Of course, there’s also the natural areas the road traverses through, including the San Juan National Forest, Grand Mesa, Uncompahgre and Gunnison National Forests, all of which offer any number of opportunities to camp, ski, bike, hike, and generally enjoy the fresh air, great outdoors, and mutual sweat session with your sweetie.
Plus, a portion of the road trip has been dubbed the “Million Dollar Highway,” technically for its expensive construction origins, but the name works equally well to describe the views along the way.
California’s Lost Coast
You’re a beach person, but your S.O. loves the mountains? Not a problem.
The breathtaking Lost Coast of California is sure to check everything off of everyone’s wish list.

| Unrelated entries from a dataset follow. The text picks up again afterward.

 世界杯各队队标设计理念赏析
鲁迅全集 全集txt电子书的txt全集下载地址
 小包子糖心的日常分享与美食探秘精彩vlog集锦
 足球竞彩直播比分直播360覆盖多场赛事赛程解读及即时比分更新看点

The rugged route is not for the faint of heart: Its roads are bumpy, full of sharp turns and sometimes unpaved; its beaches are buttressed by steep sandstone cliffs; and its trees would easily dwarf those cliffs and most near anything else you’ve ever seen. But that touch of wild side only makes the trip that much more romantic.

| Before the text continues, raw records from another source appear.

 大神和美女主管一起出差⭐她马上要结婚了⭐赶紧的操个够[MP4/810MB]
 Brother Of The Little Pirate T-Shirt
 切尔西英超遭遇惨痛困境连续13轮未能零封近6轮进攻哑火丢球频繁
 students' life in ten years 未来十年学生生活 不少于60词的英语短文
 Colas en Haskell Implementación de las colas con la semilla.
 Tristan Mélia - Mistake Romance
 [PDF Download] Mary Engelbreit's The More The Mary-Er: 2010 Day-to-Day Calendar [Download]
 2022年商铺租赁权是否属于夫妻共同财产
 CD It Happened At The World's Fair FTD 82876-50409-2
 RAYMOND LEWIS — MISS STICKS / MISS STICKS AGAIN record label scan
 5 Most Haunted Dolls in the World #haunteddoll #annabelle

As its name portends, there are plenty of places to get lost with your love along the way, whether you get swept up in the majesty of the Redwoods, find yourself along an all-but-abandoned beach near the Sinkyone wilderness, or snuggle up in one of the charming hamlets that dot the route.

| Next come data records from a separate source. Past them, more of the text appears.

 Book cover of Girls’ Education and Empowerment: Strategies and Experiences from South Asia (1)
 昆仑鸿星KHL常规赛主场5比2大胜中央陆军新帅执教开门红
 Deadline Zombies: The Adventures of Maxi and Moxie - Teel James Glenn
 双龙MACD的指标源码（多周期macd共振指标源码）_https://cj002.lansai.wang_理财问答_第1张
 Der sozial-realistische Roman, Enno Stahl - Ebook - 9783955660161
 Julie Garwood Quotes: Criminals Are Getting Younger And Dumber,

And as you traverse through Mendocino County— one of the country’s premiere locations for vineyards—you’ll find there’s no better place to share a bottle of wine.
An epic love story such as yours truly deserves this epic route.
New York’s Finger Lakes Region
If you’re more interested in bucolic beauty, the Finger Lakes in Upstate New York make for an exceptional example.
The region, in general, is huge, consisting of 11 finger-shaped lakes (carved out eons ago by glaciers), spread out across a 9,000-square-mile patch of gently rolling hills, fertile pastures, and coniferous forests.
Its bountiful size leads to plenty of opportunities for road trips, but one particularly pretty way to go takes you on a scenic drive from Ithaca to Hammondsport.
Home of Cornell University and Ithaca College, quirky Ithaca is known for its “gorge[ou]s” gorges and waterfalls, along with its funky downtown area stacked with plenty of cool restaurants and live music.
As you continue, you’ll follow the shoreline of beautiful Lake Cayuga; breeze through the quaint Traders Village in Romulus, where you can pick up any number of local-made artisan bargains; pass by the historic Seneca Falls; and encounter more delicious opportunities for wine tasting than it’s legal to officially recommend. (But seriously, the region is particularly known for their exquisite vintages.)
You’ll land in Hammondsport, where you can stroll through the lovely downtown, take in the view at Lake Keuka, and enjoy an incredibly romantic Valentine’s Day.
Utah’s Patchwork Parkway
If you’re looking for some true alone time with your paramour, you may want to consider a romantic road trip through the quiet and wonderful desert.
There’s no place quite like Utah, and no road that conveys the state’s unique beauty quite like its Patchwork Parkway.
It’s just 51 short miles, but it bursts with the brilliant oranges and reds of high desert canyons, the spiky silhouettes of pine and fir and spruce tree-dusted plateaus, and the dramatic expressions of the desert’s silt cliffs.
Once regularly traversed by Native Americans and pioneers alike, the road—otherwise known as State Route 143—gains its nickname from the quilts those travelers would lay out on the snow to keep their feet warm in winter months. How romantic is that?
With all the help of modern technology, you and your date can simply turn on your car’s heated seats as you pass any number of turnoffs that overlook the area’s lava fields, peaks, canyons, and lakes.
Bonus points for spending the night at Cedar Breaks National Monument, where the 10,567-foot elevation and general remoteness add up to some of the best star gazing you could ever ask for—outside of the stars you get in your eyes when you gaze upon your honey.